Jordana Lenon takes a tour of the new Madison Science Museum with Ellen Bechtol, museum staff member. Behind them is one of the Why Files Cool Science Image Contest winners, of marmoset embryonic stem cells forming neurons, submitted by Primate Center scientists and students in 2015. http://whyfiles.org/category/cool-science-images/
SR: Are all the audiences so supportive?
JL: Most, but not all. And that’s okay. I want to know what people are thinking, what they know, what they don’t know. I want to answer questions, or find out the answers if I don’t know them. I learn a great deal from my audiences. Most of the complaints and concerns I get these days are from people expressing to me that it is taking too long for more stem cell research “breakthroughs” to get into the clinic. Rarely do I get someone in my groups anymore who tells me that they are an animal rights supporter (versus animal welfare). This may be because activists of all beliefs are using social media more to express their views. I am definitely seeing that our audiences have many more informed questions than when I first began. I think science education, blogs, shows, pro-science websites and social media are also helping, especially with the younger generation. More people are understanding the connections between the medicines and vaccines they take, and that it all began at some critical step along the way with biomedical research and humane animal care. Also, that the research benefits animals as well as people.
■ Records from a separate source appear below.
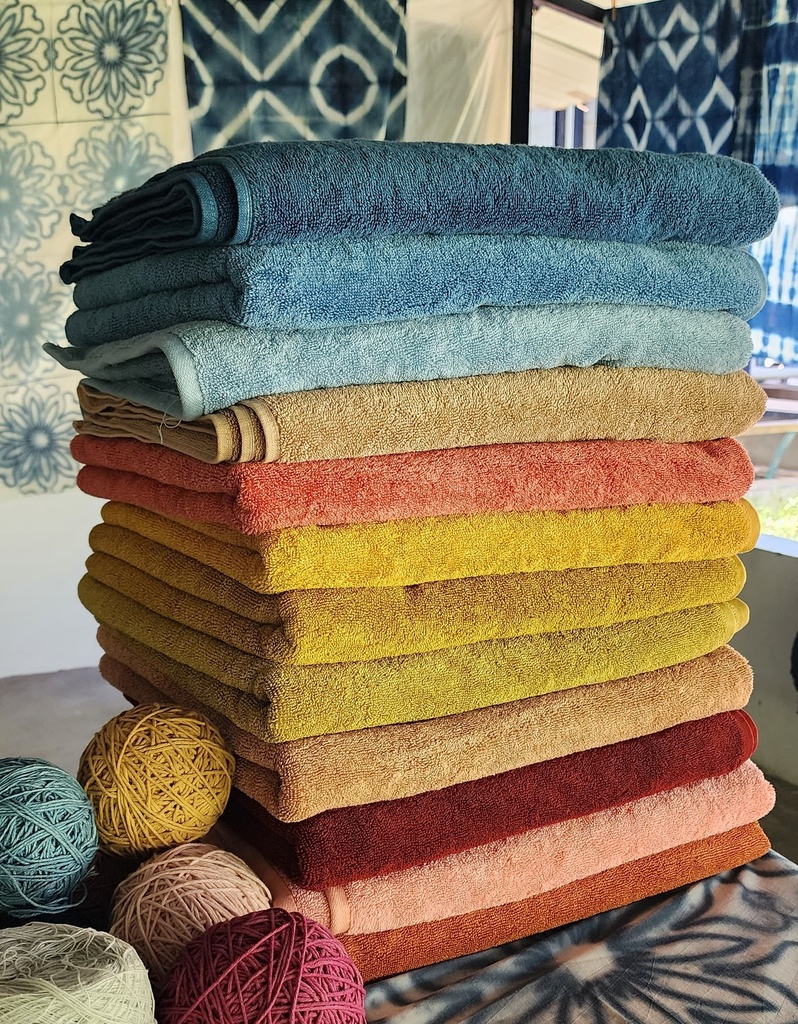 LARGE TOWEL, LIGHT BLUE, PLAIN, COTTON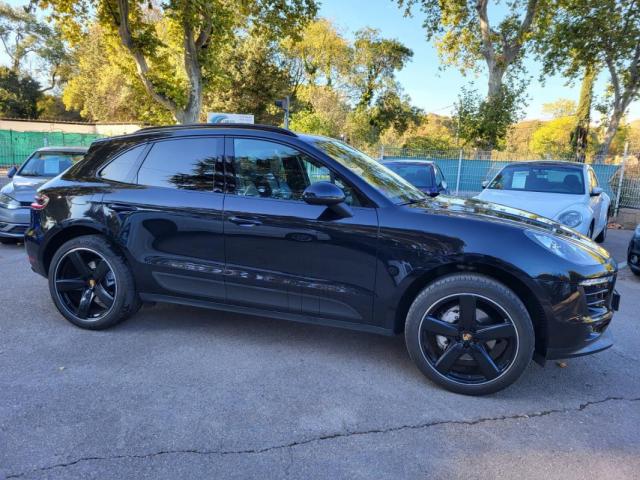 Porsche Macan image 1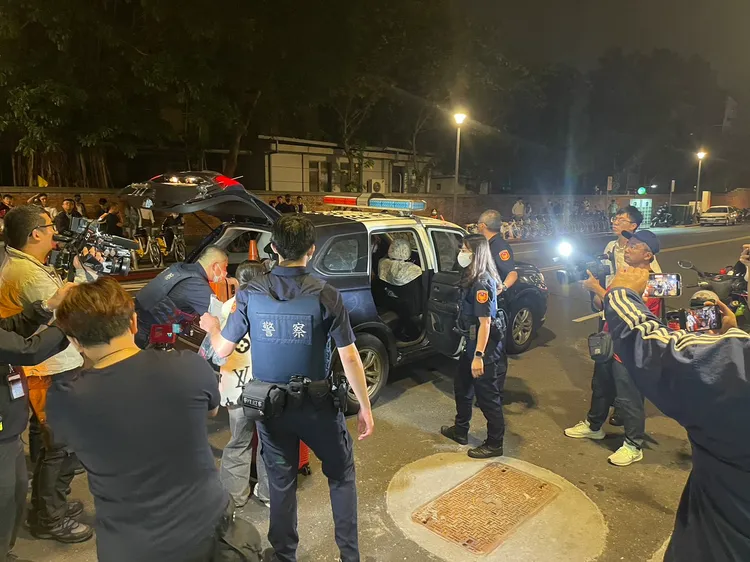 警方帶回工作人員。翻攝畫面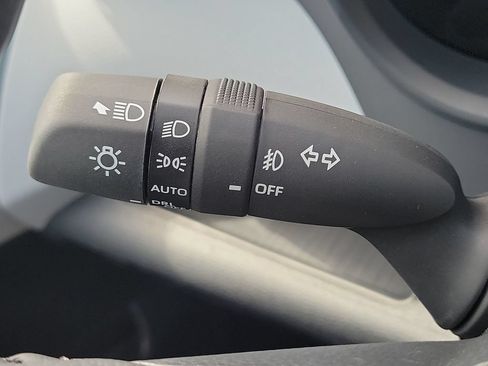 New 2026 Toyota Sienna XLE FWD image 11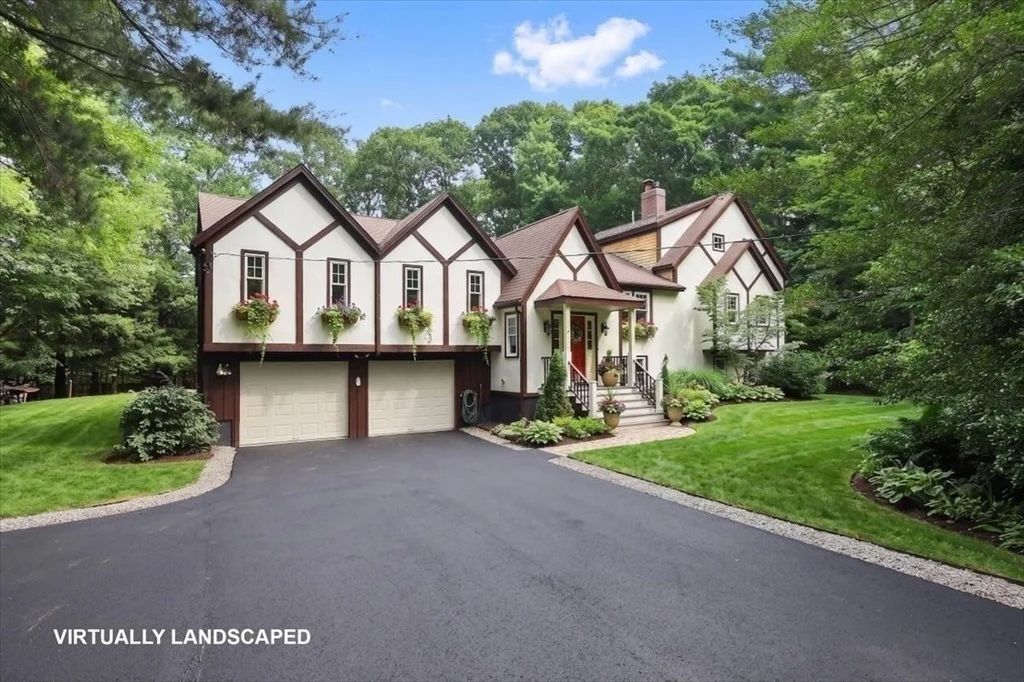 Photo of 47 Tanglewood Drive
The hardest thing to tell people is why the research takes so much time. People are being wooed by these “miracle stem cell cures” on line, for example. So a large part of my job is explaining how research works, how to search clinicaltrials.gov, and what patients should be asking their doctors. But now that I’ve been here 20 years, myself, I can cite research that was ongoing when I began and that is now in clinical trials or even FDA-approved medical treatments and is saving millions of lives.
I am living proof, myself: UW-Madison scientists and physicians used several animal models, including our Primate Center monkeys, to develop new therapies for systemic lupus erythematosus in the 1980s through the early 2000’s. This research is why I am alive and healthy today. Twenty years ago, most patients with SLE were not expected to live a normal lifespan. Even surviving from year to year with this autoimmune disease usually meant forgetting about work or any real quality of life. People are still dying from lupus, but prognoses are getting better every year.
SR: Anything you’d like to add, plans for more outreach development?
JL: Well… I would like to do more social media… but I’m too busy being social to do it!
SR: Thanks for your stories. Thanks for sharing the important work that you do!
JL: You’re welcome. We had 10 outreach events last week alone, so this week, I have a little more time to write and catch up on email… and get off my feet for a while!